▶ **TASK INSTRUCTIONS**: Go to the line below that has "Quotidian. So this", print it and each line after it exactly, and stop after the line that has "As you can see, in"; leave out pictures.

ENTRIES PROVIDED below:

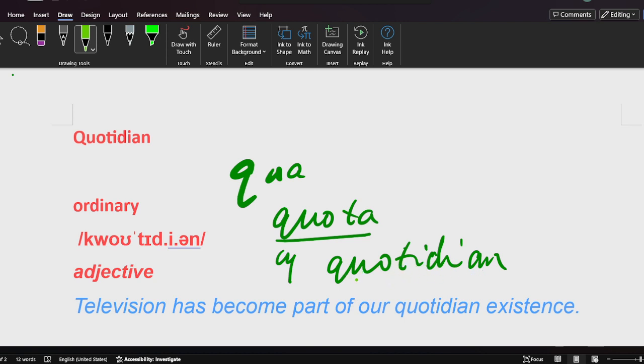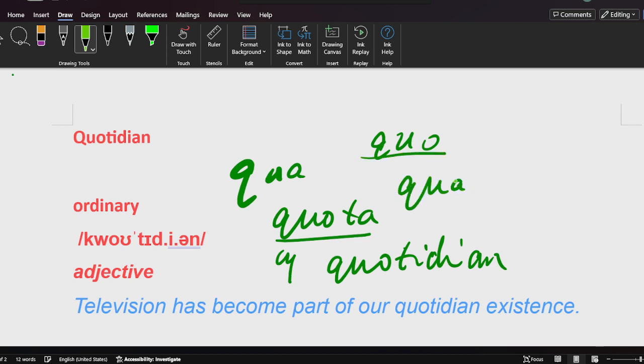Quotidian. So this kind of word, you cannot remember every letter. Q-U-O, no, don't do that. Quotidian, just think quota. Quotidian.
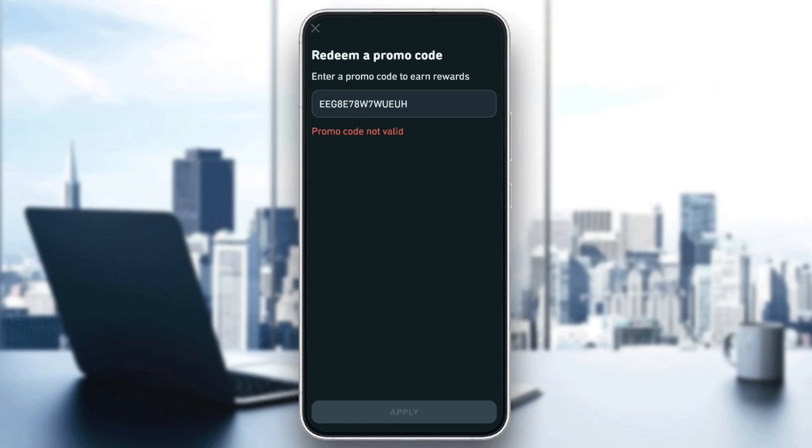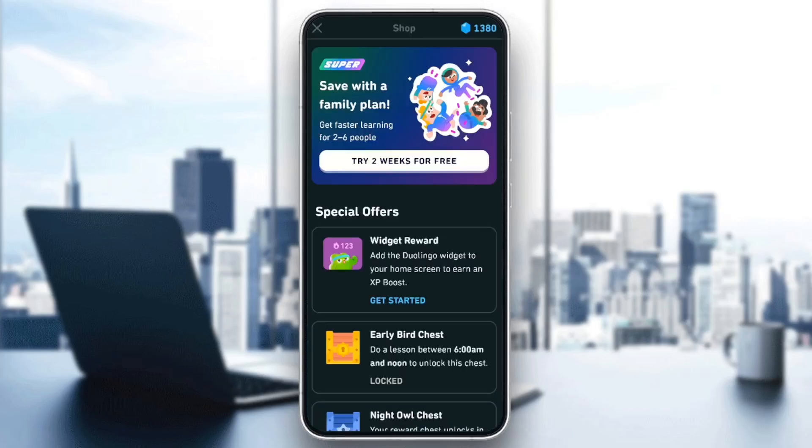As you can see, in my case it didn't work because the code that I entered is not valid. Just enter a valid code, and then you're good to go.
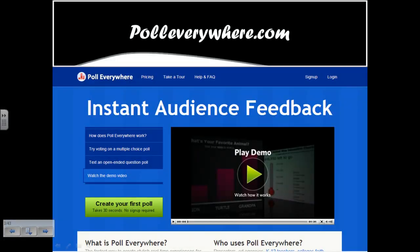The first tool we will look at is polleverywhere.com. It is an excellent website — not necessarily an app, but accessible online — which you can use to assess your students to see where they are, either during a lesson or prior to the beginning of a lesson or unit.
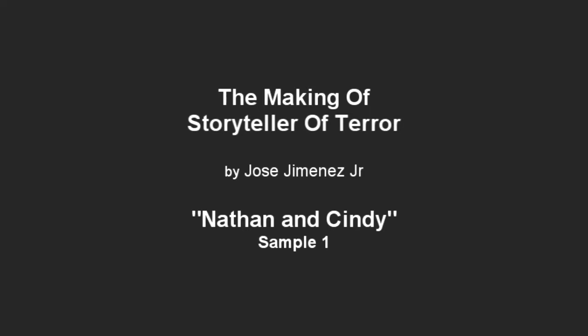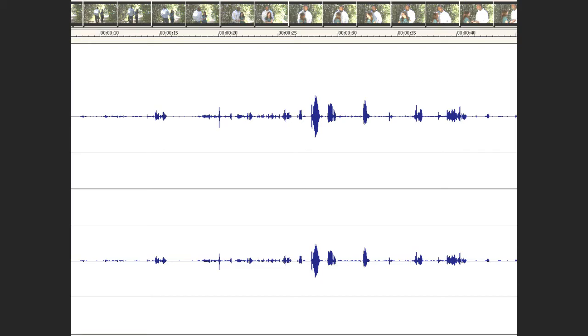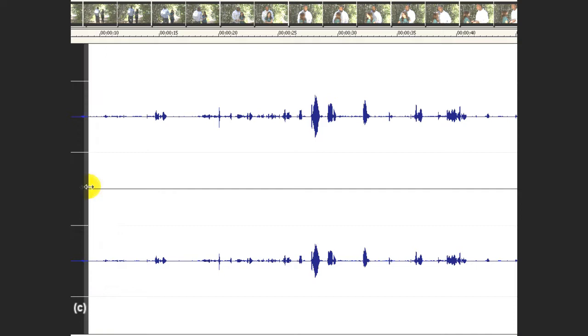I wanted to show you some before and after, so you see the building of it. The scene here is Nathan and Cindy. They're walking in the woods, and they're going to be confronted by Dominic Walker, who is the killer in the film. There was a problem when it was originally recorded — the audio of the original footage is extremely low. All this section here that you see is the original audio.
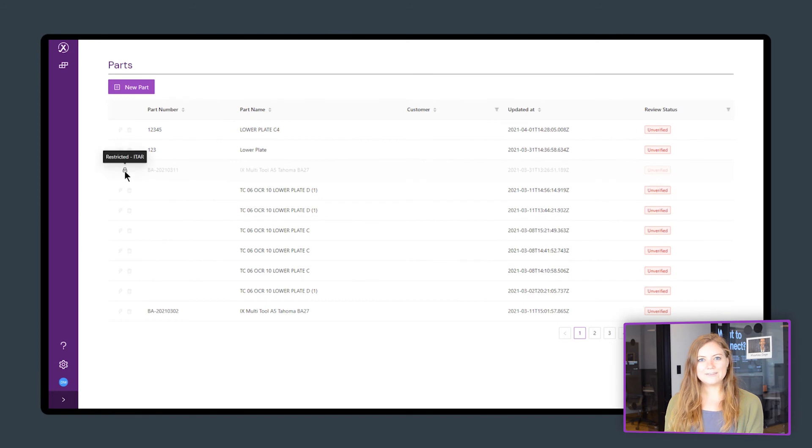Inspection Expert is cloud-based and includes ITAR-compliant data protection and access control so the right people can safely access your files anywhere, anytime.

End of ENTRIES PROVIDED.
ENTRIES PROVIDED below:

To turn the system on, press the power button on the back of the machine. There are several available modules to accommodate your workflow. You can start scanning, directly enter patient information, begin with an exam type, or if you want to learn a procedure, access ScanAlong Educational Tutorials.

End of ENTRIES PROVIDED.

▶ **ANSWER**:
Quotidian. So this kind of word, you cannot remember every letter. Q-U-O, no, don't do that. Quotidian, just think quota. Quotidian.
As you can see, in my case it didn't work because the code that I entered is not valid. Just enter a valid code, and then you're good to go.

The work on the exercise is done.